The changing tides in the market are leaving farmers who once relied on their own herd lost in what’s become a massively different agricultural sector from the one they grew up with.

“They’re trapped because they don’t know what else to do,” Piskorowski says. “They’re trapped because they don’t have skills that will translate to other opportunities anymore. Rural America is really hurting and I think there’s a lot of people out there who’ve never done the small farm thing that think it’s great to preserve it.”

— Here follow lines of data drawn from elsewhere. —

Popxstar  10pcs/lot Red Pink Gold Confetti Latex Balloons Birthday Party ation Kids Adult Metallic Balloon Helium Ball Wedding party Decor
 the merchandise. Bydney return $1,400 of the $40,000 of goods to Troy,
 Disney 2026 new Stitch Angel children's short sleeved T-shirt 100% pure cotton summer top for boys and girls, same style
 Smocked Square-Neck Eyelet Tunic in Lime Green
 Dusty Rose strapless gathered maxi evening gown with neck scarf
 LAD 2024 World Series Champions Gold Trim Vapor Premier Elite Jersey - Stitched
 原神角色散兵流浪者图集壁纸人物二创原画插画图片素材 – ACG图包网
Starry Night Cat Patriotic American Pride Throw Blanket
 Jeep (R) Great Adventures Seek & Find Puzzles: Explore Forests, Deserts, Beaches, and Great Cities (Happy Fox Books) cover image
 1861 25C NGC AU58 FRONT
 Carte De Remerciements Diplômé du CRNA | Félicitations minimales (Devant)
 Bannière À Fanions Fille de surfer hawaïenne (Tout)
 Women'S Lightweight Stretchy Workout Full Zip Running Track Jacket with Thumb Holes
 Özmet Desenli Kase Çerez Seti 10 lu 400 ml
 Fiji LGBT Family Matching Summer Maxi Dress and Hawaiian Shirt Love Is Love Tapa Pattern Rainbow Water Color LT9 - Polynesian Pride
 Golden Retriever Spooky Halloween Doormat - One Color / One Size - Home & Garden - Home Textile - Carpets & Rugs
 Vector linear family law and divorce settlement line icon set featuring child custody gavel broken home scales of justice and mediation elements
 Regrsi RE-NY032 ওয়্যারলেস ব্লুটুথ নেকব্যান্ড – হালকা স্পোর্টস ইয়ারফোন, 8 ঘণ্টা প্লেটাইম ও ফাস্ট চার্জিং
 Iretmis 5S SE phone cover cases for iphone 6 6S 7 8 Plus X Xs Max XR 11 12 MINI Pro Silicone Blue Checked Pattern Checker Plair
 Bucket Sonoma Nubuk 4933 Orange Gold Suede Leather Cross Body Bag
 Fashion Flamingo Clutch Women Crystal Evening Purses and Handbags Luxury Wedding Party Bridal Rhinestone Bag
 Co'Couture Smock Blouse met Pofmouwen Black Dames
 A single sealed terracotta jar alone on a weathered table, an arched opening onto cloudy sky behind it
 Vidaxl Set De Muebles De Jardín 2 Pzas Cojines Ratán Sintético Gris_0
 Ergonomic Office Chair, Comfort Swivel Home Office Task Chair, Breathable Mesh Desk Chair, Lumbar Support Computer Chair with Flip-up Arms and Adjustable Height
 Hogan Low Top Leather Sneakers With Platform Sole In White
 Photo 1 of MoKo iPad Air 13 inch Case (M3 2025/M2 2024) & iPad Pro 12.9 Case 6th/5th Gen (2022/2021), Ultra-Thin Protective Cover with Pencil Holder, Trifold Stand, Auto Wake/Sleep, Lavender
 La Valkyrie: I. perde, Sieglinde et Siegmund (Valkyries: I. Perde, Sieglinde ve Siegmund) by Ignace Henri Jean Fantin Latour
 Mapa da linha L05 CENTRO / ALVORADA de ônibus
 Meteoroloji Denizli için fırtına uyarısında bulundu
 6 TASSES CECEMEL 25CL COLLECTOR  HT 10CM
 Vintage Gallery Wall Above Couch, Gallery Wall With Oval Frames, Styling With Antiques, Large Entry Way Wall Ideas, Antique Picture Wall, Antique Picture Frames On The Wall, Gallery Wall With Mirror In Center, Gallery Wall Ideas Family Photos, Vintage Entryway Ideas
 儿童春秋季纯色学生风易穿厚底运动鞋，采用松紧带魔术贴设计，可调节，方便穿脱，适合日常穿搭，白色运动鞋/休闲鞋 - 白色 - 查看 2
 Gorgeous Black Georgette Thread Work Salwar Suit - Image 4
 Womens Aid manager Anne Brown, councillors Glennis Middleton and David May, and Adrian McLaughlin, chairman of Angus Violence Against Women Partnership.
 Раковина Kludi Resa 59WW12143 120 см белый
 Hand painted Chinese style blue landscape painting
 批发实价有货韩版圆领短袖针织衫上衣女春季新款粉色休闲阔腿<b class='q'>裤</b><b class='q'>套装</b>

He says without government intervention, many of these farmers won’t be able to survive and reincorporate themselves into the agricultural landscape. He points to programs like New York state’s Farm Net for extending not only skill training opportunities but also counseling for farmers who may be struggling with the emotional effects gripping their livelihoods.

Piskorowski doesn’t have to worry about low milk prices or large scale industry competition clawing away at his dentistry practice. But he acknowledge those factors mean he won’t be able to keep up his small farm forever. Regardless he’s not walking away from it anytime soon, much like the generations of dairy farmers who occupied his barn before him.

“For about the last 30 years, every time there’s a herd in here they figured it’s the last one. Until the next one.”